**EXERCISE BRIEF:**
Starting at the first line of the data, please print exactly those lines through the one that holds "Let's talk about", omitting every picture.

**** SUPPLIED MATERIAL ****

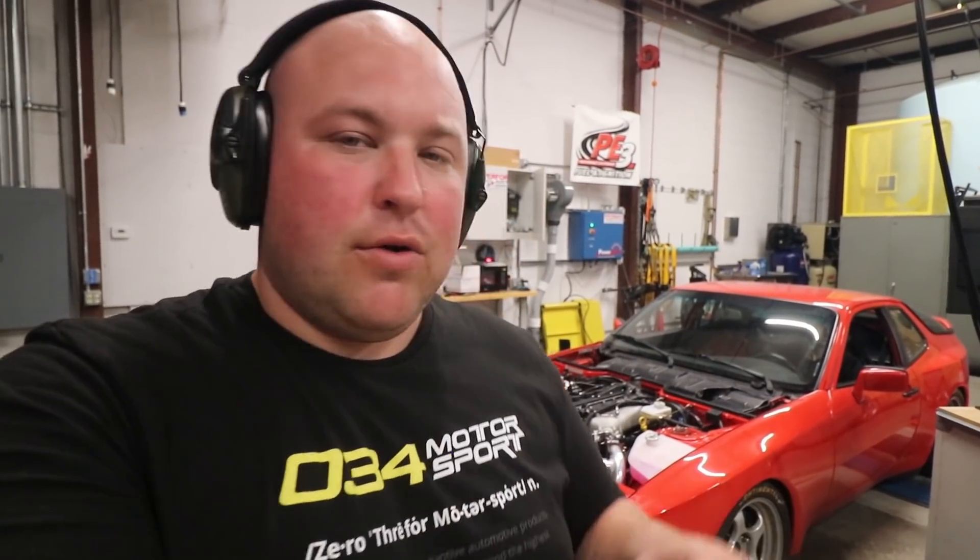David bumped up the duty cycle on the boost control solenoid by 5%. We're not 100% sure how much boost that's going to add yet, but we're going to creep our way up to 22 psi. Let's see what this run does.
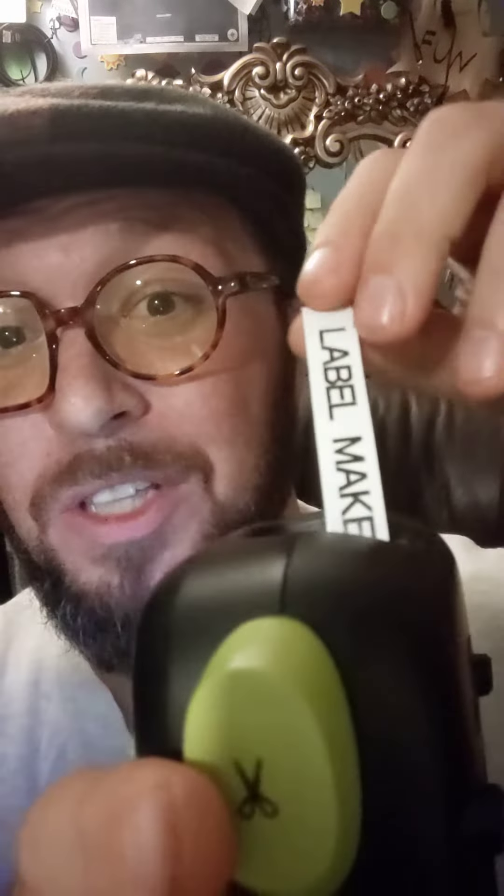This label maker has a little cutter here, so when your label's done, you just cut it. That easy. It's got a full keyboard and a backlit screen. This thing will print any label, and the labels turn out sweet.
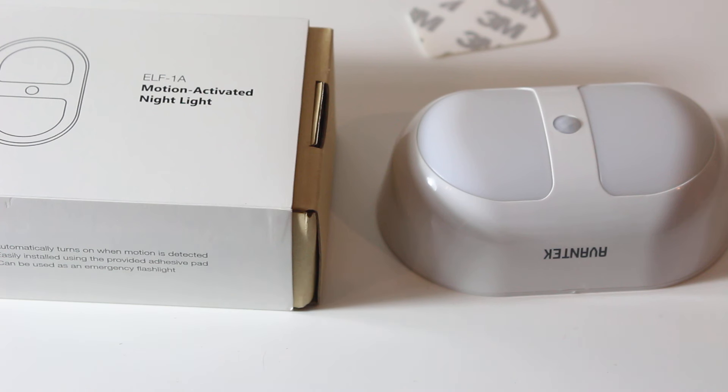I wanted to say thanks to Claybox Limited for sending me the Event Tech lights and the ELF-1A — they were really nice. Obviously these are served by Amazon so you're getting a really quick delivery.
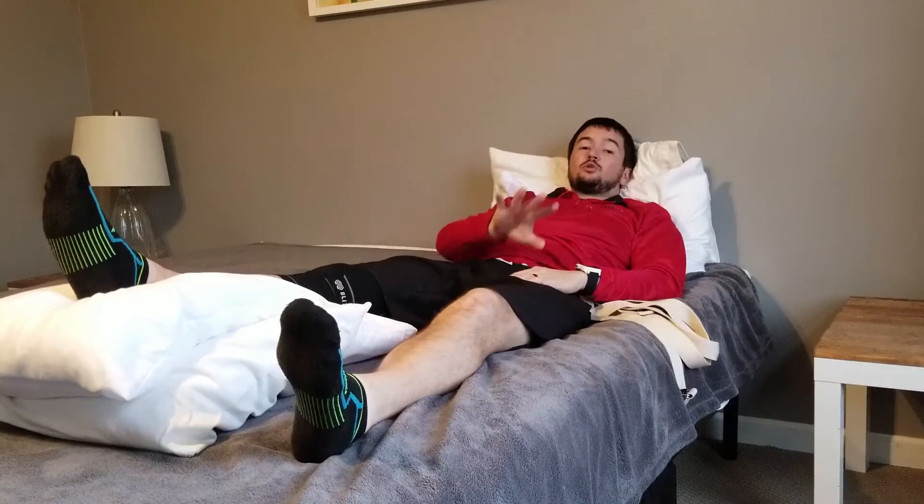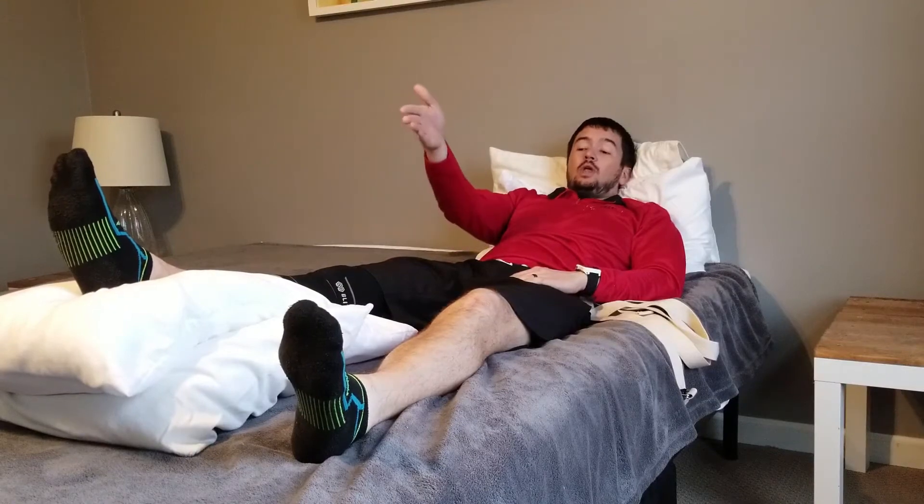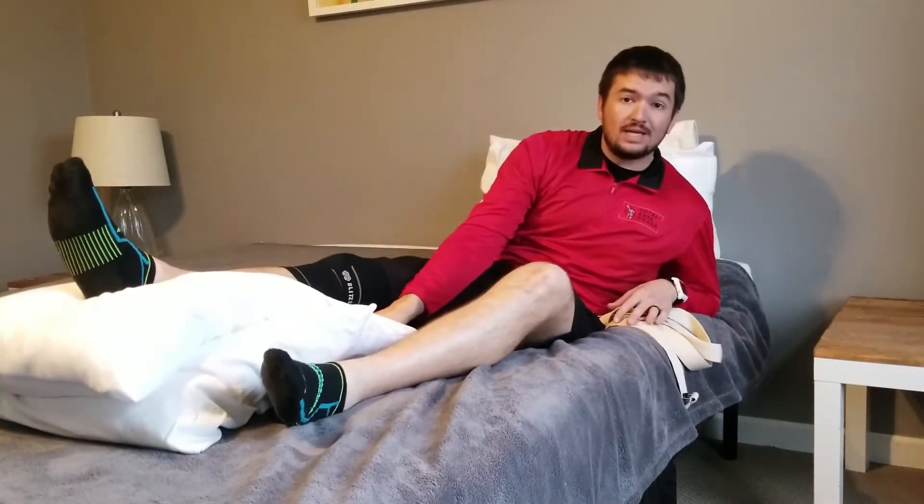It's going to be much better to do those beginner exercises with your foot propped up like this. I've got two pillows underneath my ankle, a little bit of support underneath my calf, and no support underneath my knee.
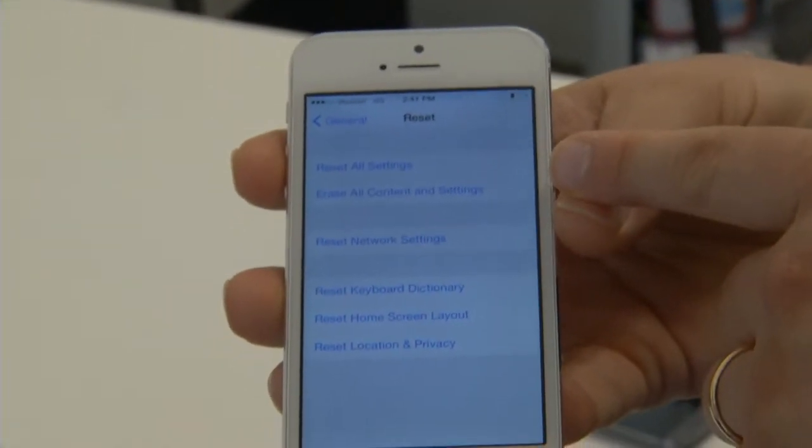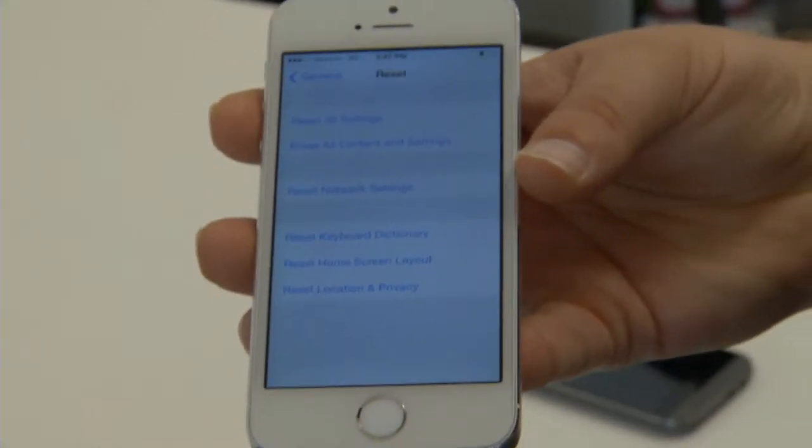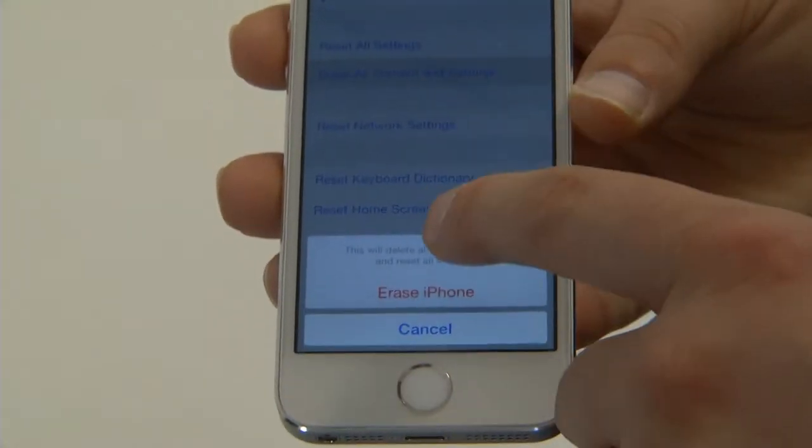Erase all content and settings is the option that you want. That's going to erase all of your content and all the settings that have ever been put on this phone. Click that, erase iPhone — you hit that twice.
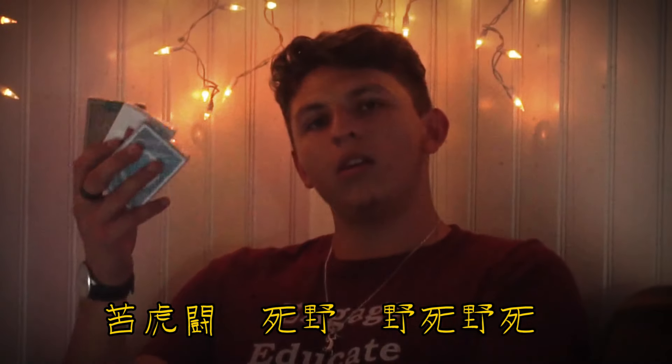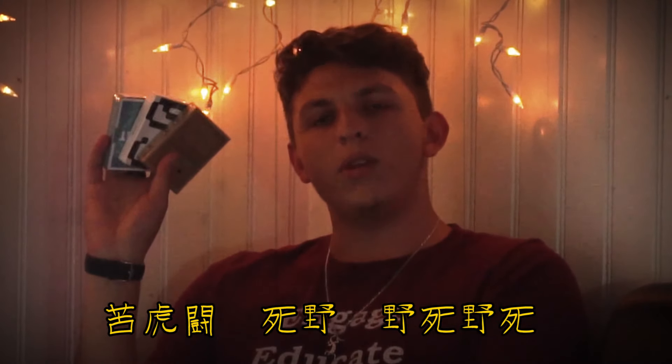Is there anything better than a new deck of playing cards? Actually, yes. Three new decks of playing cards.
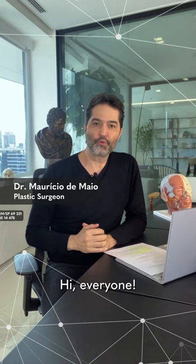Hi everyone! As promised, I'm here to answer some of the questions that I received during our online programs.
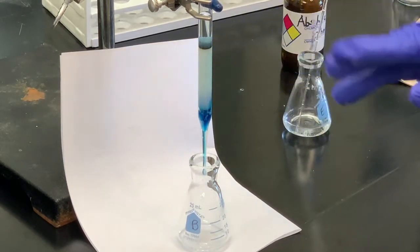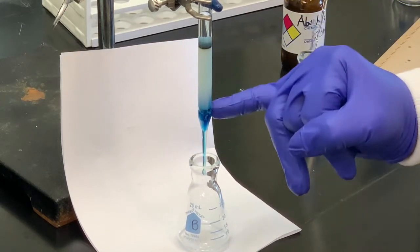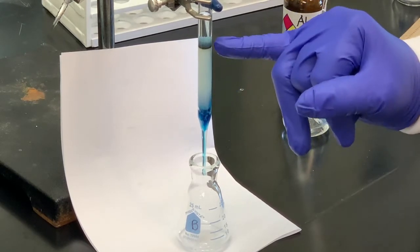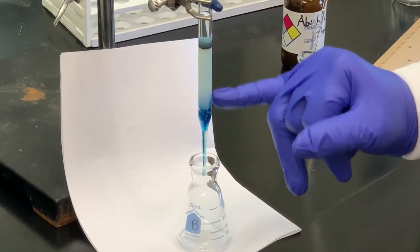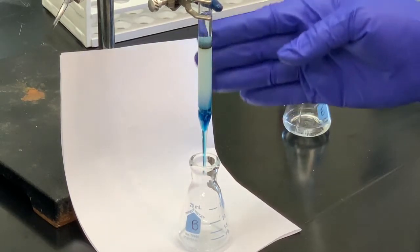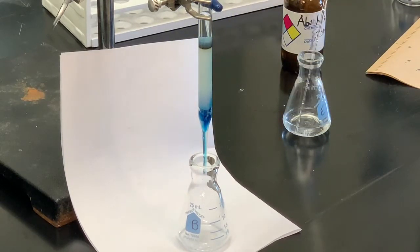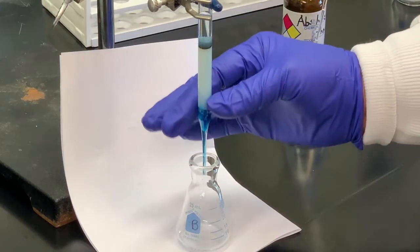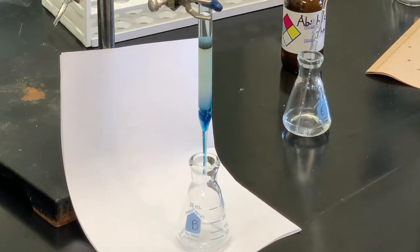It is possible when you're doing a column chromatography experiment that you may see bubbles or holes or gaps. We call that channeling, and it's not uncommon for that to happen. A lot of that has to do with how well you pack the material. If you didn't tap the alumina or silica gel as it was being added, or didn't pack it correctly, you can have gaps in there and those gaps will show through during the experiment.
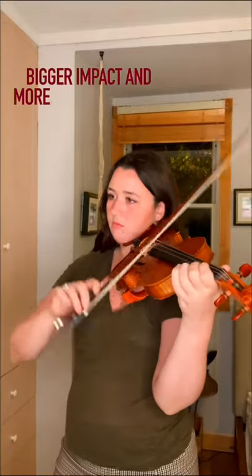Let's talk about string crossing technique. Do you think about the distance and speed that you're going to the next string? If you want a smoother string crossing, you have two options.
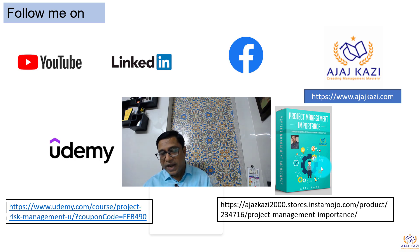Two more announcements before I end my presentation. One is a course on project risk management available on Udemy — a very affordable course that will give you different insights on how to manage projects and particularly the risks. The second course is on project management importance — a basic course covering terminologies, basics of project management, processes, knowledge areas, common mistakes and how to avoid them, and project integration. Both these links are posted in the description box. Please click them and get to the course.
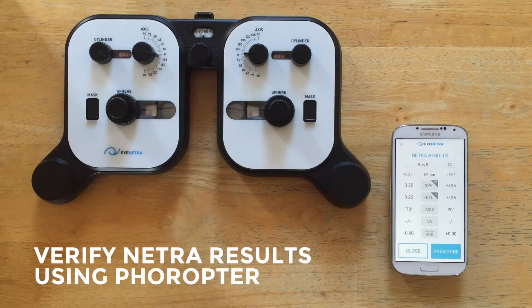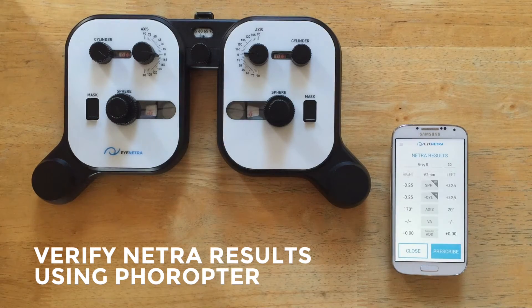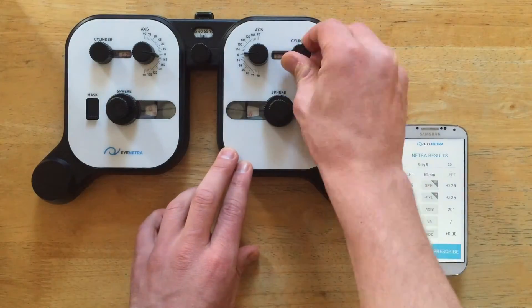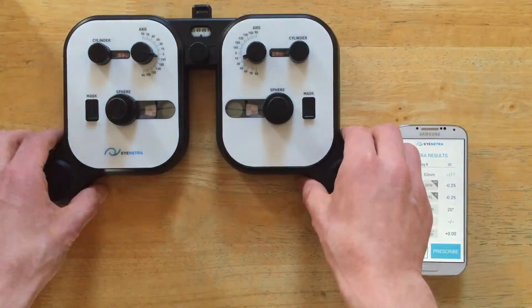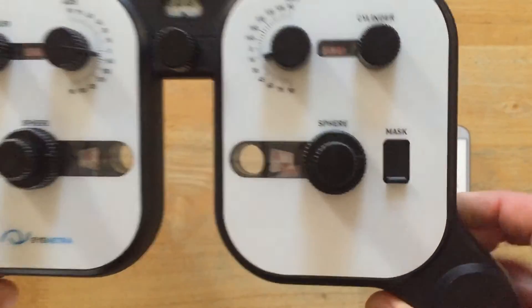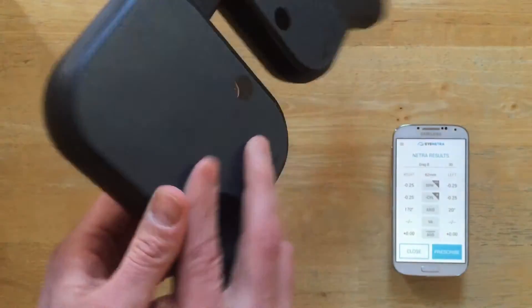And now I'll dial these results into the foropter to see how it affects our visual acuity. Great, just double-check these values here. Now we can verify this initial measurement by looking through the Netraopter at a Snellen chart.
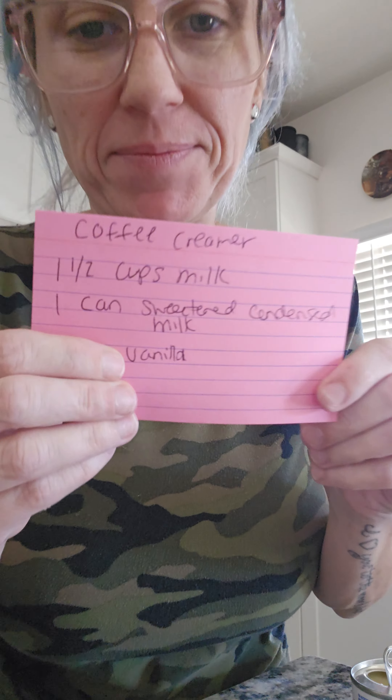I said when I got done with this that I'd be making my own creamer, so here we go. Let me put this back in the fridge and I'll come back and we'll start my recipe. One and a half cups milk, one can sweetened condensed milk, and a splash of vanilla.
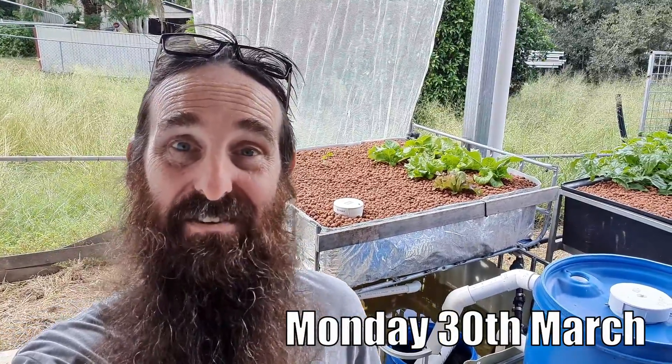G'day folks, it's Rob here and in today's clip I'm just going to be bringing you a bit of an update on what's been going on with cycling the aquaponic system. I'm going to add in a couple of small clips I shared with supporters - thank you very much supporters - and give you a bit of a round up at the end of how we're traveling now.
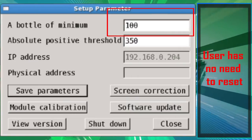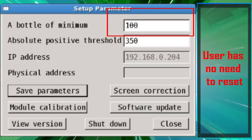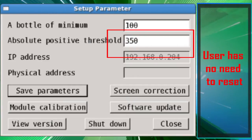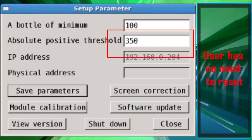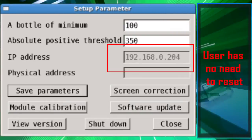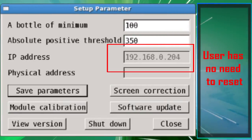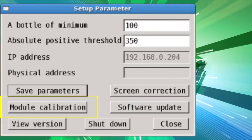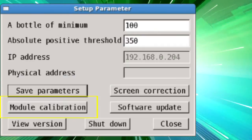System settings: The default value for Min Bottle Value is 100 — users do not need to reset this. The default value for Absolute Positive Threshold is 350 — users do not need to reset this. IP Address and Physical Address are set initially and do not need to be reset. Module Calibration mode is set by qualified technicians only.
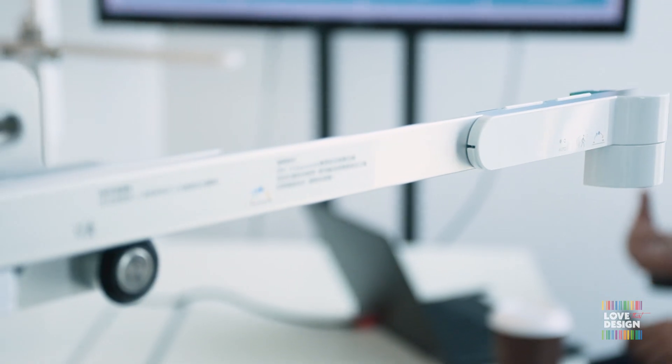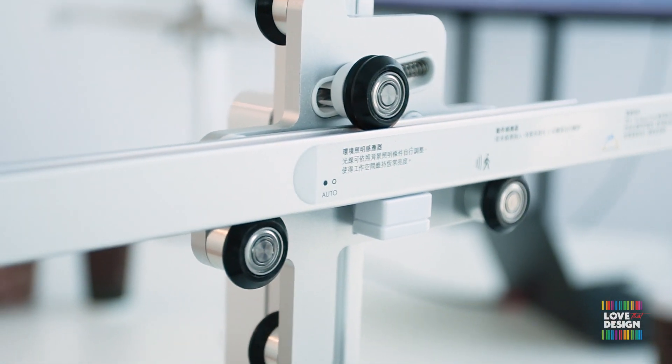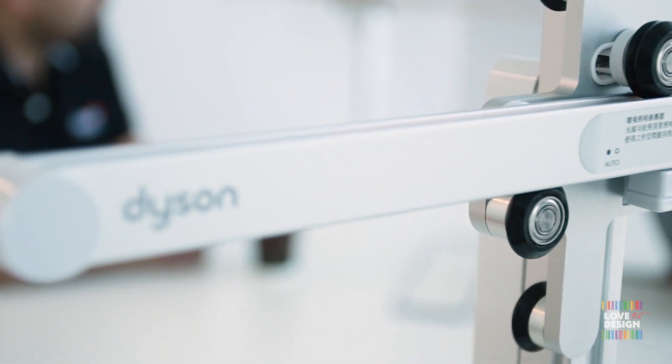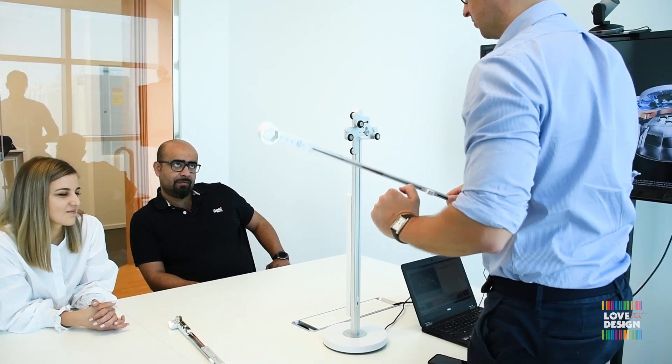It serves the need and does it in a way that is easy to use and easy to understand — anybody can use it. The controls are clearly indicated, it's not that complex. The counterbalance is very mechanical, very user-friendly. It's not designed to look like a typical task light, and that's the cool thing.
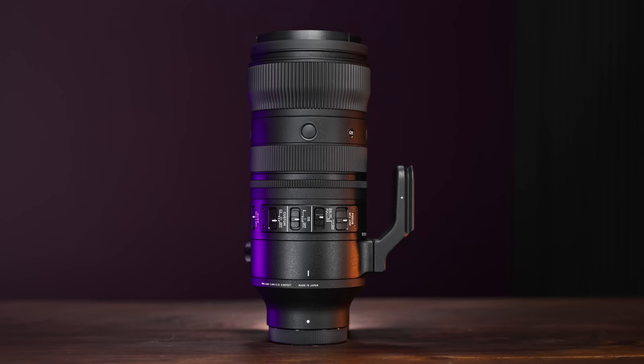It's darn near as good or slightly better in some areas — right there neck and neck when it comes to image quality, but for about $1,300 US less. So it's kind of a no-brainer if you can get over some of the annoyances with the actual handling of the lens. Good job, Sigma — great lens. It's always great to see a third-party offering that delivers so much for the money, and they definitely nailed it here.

****

**ANSWER TO THE PROBLEM:**
David bumped up the duty cycle on the boost control solenoid by 5%. We're not 100% sure how much boost that's going to add yet, but we're going to creep our way up to 22 psi. Let's see what this run does.
This label maker has a little cutter here, so when your label's done, you just cut it. That easy. It's got a full keyboard and a backlit screen. This thing will print any label, and the labels turn out sweet.
I wanted to say thanks to Claybox Limited for sending me the Event Tech lights and the ELF-1A — they were really nice. Obviously these are served by Amazon so you're getting a really quick delivery.
It's going to be much better to do those beginner exercises with your foot propped up like this. I've got two pillows underneath my ankle, a little bit of support underneath my calf, and no support underneath my knee.
Erase all content and settings is the option that you want. That's going to erase all of your content and all the settings that have ever been put on this phone. Click that, erase iPhone — you hit that twice.
Is there anything better than a new deck of playing cards? Actually, yes. Three new decks of playing cards.
Hi everyone! As promised, I'm here to answer some of the questions that I received during our online programs.
It is possible when you're doing a column chromatography experiment that you may see bubbles or holes or gaps. We call that channeling, and it's not uncommon for that to happen. A lot of that has to do with how well you pack the material. If you didn't tap the alumina or silica gel as it was being added, or didn't pack it correctly, you can have gaps in there and those gaps will show through during the experiment.
Let's talk about string crossing technique. Do you think about the distance and speed that you're going to the next string? If you want a smoother string crossing, you have two options.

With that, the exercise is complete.